MOSCOW (AP) — The International Olympic Committee says it is exploring the legal options for a possible ban of the entire Russian team from next month’s Olympics in Rio de Janeiro as a result of the country’s repeated doping scandals. Russia finished fourth in the gold medal table at the 2012 Olympics in London and third in the overall medal table. Its absence in Rio would shake up both tables. Here are five Russian stars who could miss out:
She led the Russian gymnastics team which narrowly failed to beat the U.S. to gold in the women’s all-around in 2012 and also won individual gold in the uneven bars. While Mustafina has been plagued by injuries since, she bounced back with two European championship gold medals last month.

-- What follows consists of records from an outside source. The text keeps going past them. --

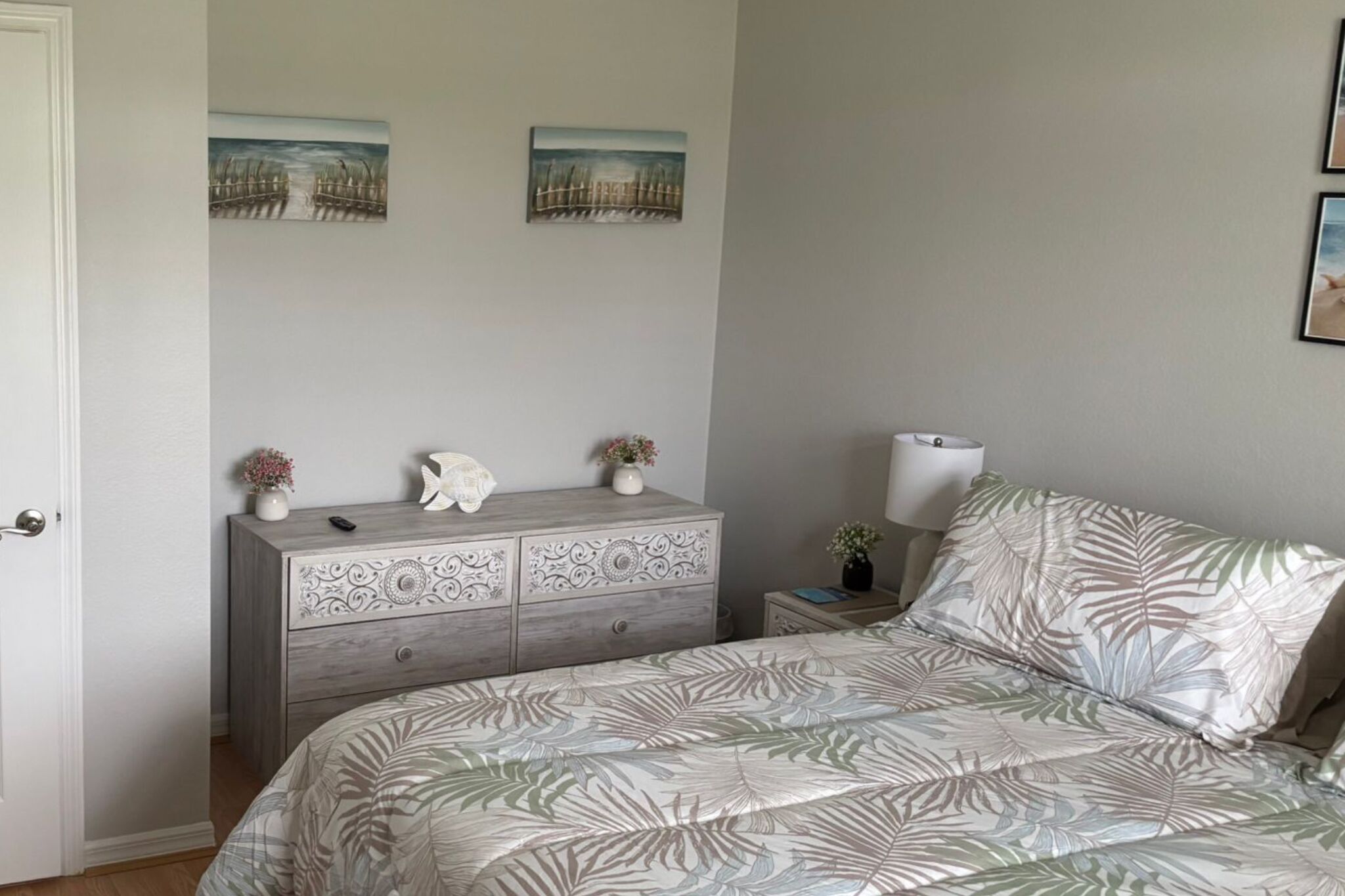 Une chambre à coucher comprenant un lit, une commode, deux tableaux accrochés au mur et une table de chevet avec une lampe.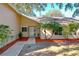 Charming entryway showcasing a decorative front door, natural light, and manicured landscaping at 164 Morning Glory Dr, Lake Mary, FL 32746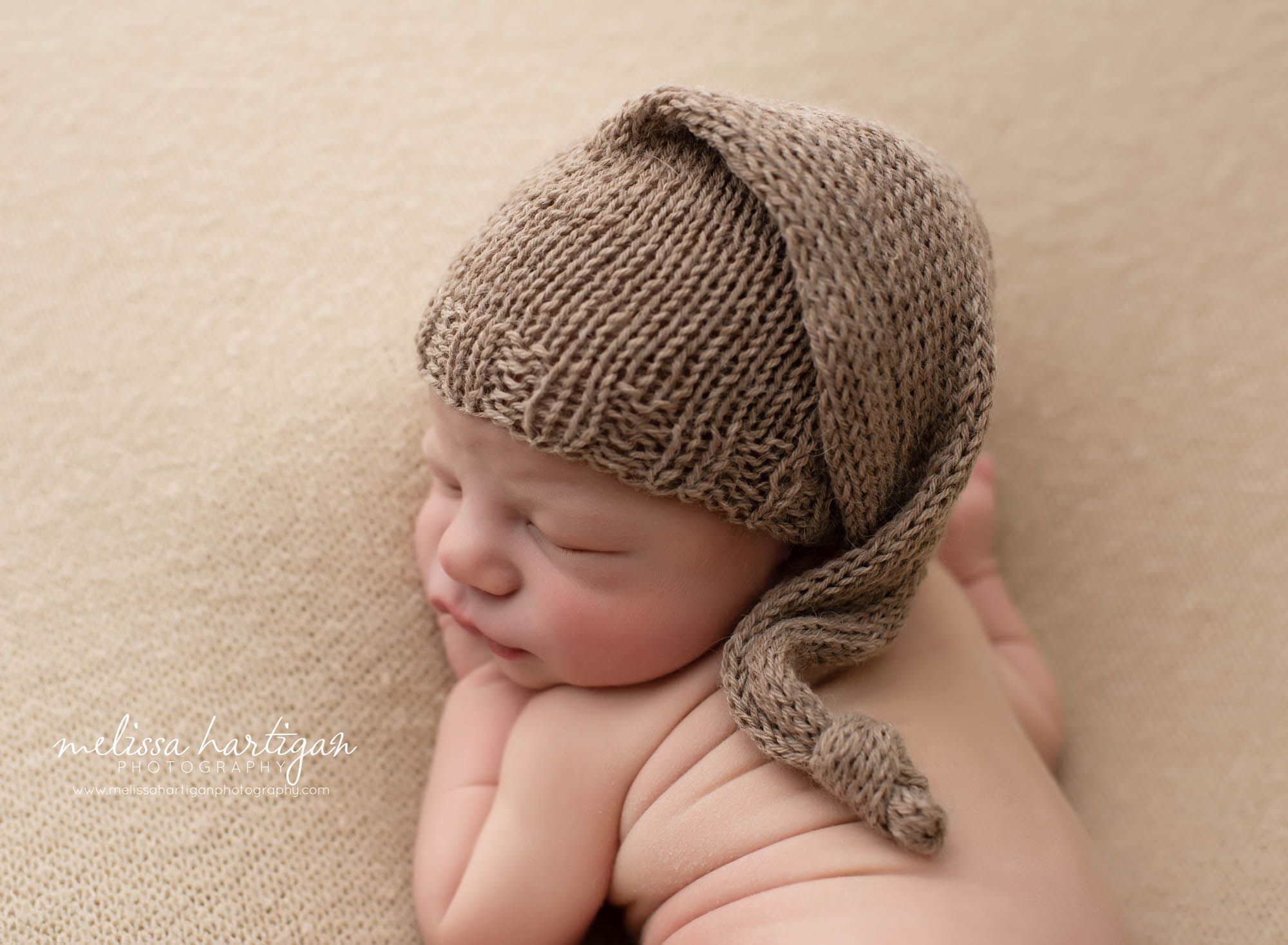 baby boy posed on tummy with back rolls wearing brown knitted sleepy cap ct newborn photography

Russia has arguably the world’s richest tradition of excellence in gymnastics, and if its athletes aren’t in Rio, the U.S. and China will benefit in the medal table.
One of the world’s top breaststroke sprinters, Efimova spearheads the Russian swim team for Rio despite previous brushes with the anti-doping authorities. She bounced back from a drug ban to win 100-meter gold at last year’s world championships in a fiercely competitive race with her longtime rival, Lithuanian teenager Ruta Meilutyte, who would become the hot favorite for gold if Efimova is forced to miss Rio. Efimova missed four months this season after testing positive for the banned substance meldonium but was given a reprieve and won the 200 at her comeback meet in Los Angeles on Sunday.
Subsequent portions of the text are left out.